Loftus and Palmer (1974) – Reconstruction of Automobile Destruction
Eyewitness Testimony is a legal term, referring to the use of eyewitnesses to give evidence in court. The accuracy of eyewitness testimony is important because the testimony can be vital to the conclusions of a jury and the outcome of court cases. However, what happens if the eyewitness believed that they are telling the truth, but really, their testimony isn’t 100% accurate?
The Innocence Project
Eyewitness misidentification is the greatest single cause of wrongful convictions in the USA. In the USA, cases of people convicted before DNA testing were reanalysed. 40 people were wrongly convicted, with eyewitness testimony bringing major evidence.
A leading question is one which, by its form or content, suggests to the witness what answer is desired. They may influence recollection.
Leading questions may be inadvertently be used by the police when interviewing witnesses after the event. Information received after an event can have a retroactive interfering effect on our recollection as later learning interferes with previous learning.
Carmichael showed participants identical pictures, but with different accompanying words. The reproduction of the images was influenced by the labels they had originally been shown with. This suggests that information is not simply saved and remembered but that memory is reconstructed.
When Air Force personnel, who knew in advance that they would be asked to estimate the speed of a vehicle, observed a car travelling at 12mph, their estimates ranged from 10–50mph. This suggests eyewitness accounts are inaccurate and unreliable.
The phrasing of questions may influence participants when asked to provide an estimate of the speed of a vehicle. Fillmore suggested that the words “smashed” and “hit” may imply different rates of speed. This may be because “smashed” is associated with a higher rate of speed and more damage than “hit”.
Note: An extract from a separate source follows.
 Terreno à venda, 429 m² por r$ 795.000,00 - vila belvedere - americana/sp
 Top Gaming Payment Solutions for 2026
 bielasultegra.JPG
Loftus and Palmer aimed to measure the effects of using leading questions about a car accident. They wished to investigate whether using different verbs implying a more or less serious car accident in a question influenced estimates of speed and to see if there was a subsequent effect on the recall of damage caused by the accident.
The specific aim of Experiment One was to investigate if using different verbs to describe a collision between two cars would affect estimates of the speed they were travelling when the crash took place.
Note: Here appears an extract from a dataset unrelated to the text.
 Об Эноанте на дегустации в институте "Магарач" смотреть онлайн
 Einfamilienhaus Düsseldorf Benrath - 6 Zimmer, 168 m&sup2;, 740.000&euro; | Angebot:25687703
The specific aim of Experiment Two was to investigate whether leading questions simply bias a person’s response or actually alter the memory that is stored.
Forty five students participated in groups of various sizes. Seven films were shown, each depicting a traffic accident. These films were segments from driver’s education films. The length of the film segments ranged from 5 – 30 seconds. Following each film, the participants received a questionnaire asking them to “give an account of the accident you…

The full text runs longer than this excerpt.